The scriptures teach "there is no other name given, whereby salvation can come to the children of men." Like Nephi, we can barely comprehend the condescension of God. This helpless baby nestled in the straw was Jehovah, the God of Israel, the Great I Am, the Creator of heaven and earth, the Lord of Lords, the King of Kings, the Bright and Morning Star....and he became like us, that we might become like him.

Did Mary and Joseph know that Jesus must be born in Bethlehem, the house of bread? How appropriate that the “Bread of Life” would begin his life in the city named the house of bread. How did they feel about the humble place of his birth? Would they have chosen a stable, a manger? What did Jesus mean to teach us by coming in this way?

Choose Your Favorite:
O Little Town of Bethlehem (Hymns p. 208)
Once in Royal David's City (Hymns p. 205)

The Message Part 2:
It was angels who sang the first Christmas Carol on that first Christmas night. Can you imagine a Christmas Celebration without the joyous music of Christmas? Perhaps it was their glorious song that inspired all other carols.

Who were the angels who filled that heavenly choir? Departed spirits and spirits yet unborn who recognized this pivotal moment in history, who understood that the future of the world, and their own destiny, hung in the balance of the sacred mission which was about to begin.

You and I no doubt looked on as the story began to unfold. In fact who knows but what we joined our voices in that glorious chorus..." Glory to God in the Highest, and on Earth Peace, Good Will Toward Men."

Choose Your Favorite:
Angels We Have Heard on High (Hymns p. 203)
Hark the Herald Angels Sing (Hymns p. 209)
It Came Upon the Midnight Clear (Hymns p. 207)

Wednesday, December 21, 2011

Countdown to Christmas: Day Two

The Message:What kind of woman would God choose to be the mother of his son? Nephi calls her a virgin most beautiful and fair. Alma calls her a precious and chosen vessel of the Lord. Historians tell us that Mary was very young when she was told of her sacred mission, perhaps as young as 13, and probably not older than 16.

Can you imagine the thoughts that must have filled her young mind? It would be she who would prepare Jesus for his triumphant mission. Her baby would be the son of God!

This was neither the first nor last time that the Lord would choose someone very young for his most important work.

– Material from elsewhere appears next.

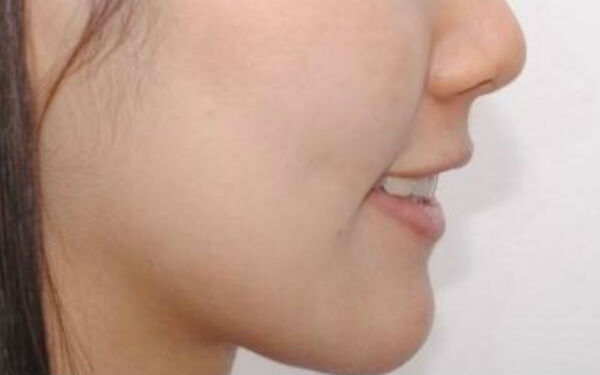 成都藝星周順波與陳遠(yuǎn)坤鼻子整形實力對決！術(shù)前比較，看誰更擅長鼻子！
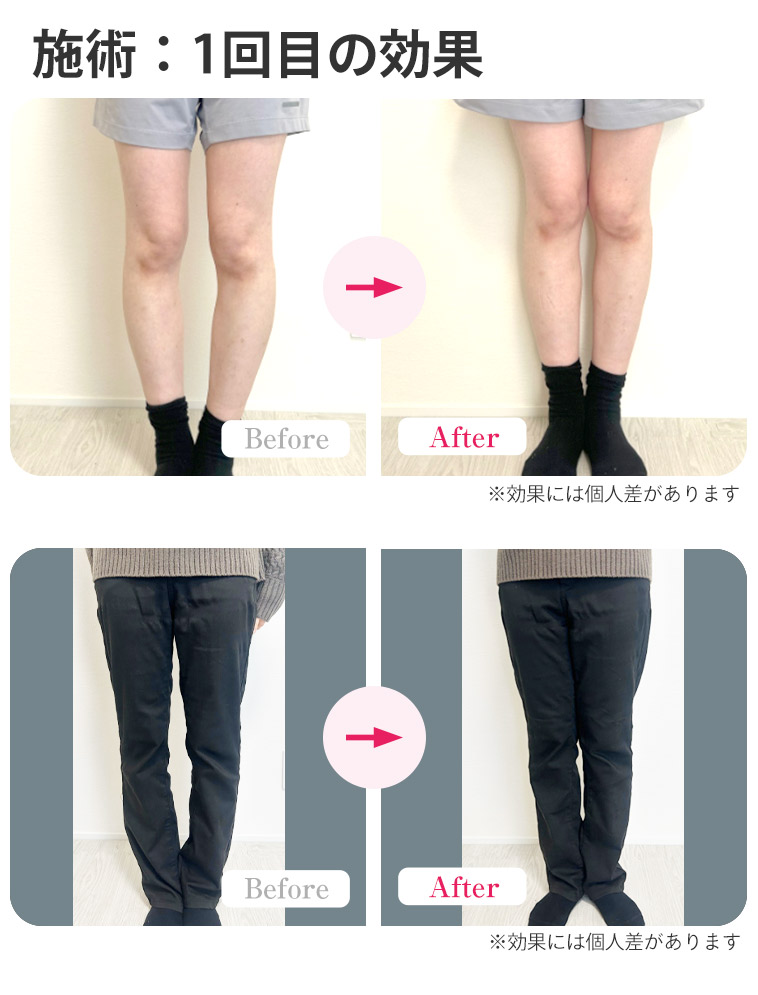 ビフォーアフター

David was just a boy, when he was annointed King of Israel. The Savior would come through his blood line. Mormon was just 10 when he was entrusted with the plates, and 16 when he took charge of the Nephite armies. Joseph Smith was 14 when he saw the father and the son, and began his mission to restore the Gospel of Jesus Christ to the earth. We begin to see that you are never too young to be of great service to the Lord.

We love the words that Mary spoke as she accepted her sacred calling. "Behold the handmaiden of the Lord. Be it unto me according to thy word." If only we could be so obedient to the will of the Lord.

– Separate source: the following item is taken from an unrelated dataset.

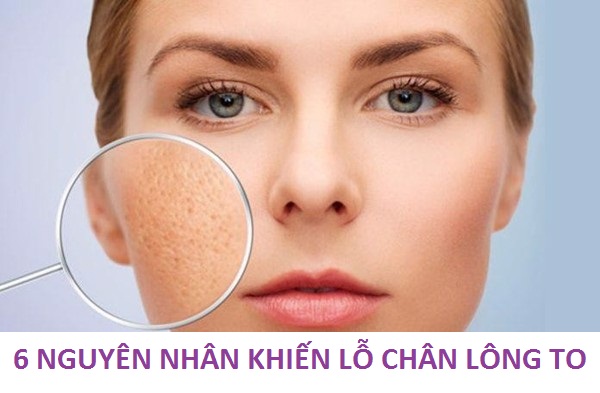 Tất tật các nguyên nhân dẫn đến tình trạng lỗ chân lông to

The name, Mary, means bitter...perhaps a reminder that a sword would one day pierce her heart.

Joseph was no less a hero. Imagine his feelings as he perceived that his love had been betrayed. Imagine his heartbreak, his anguish at his shattered dreams. Yet, at the angel’s word, he too showed complete and immediate obedience. Don’t you just marvel at the strength of his spirit, his trust, his faith.

We know so little of Joseph, but we imagine him gentle and kind, strong and protective. We know that he would have been equal to Mary in righteousness and spirituality. What kind of man would God have chosen to raise his son? Joseph would stand beside Mary. He would teach and guide Jesus. He would act as father.

Choose Your Favorite:
When Joseph Went to Bethlehem (Children’s Songbook p. 38)
Picture a Christmas (Children’s Songbook p. 50)

Tuesday, December 20, 2011

Countdown to Christmas

Looking for a fun and spiritual way to count the days til Christmas?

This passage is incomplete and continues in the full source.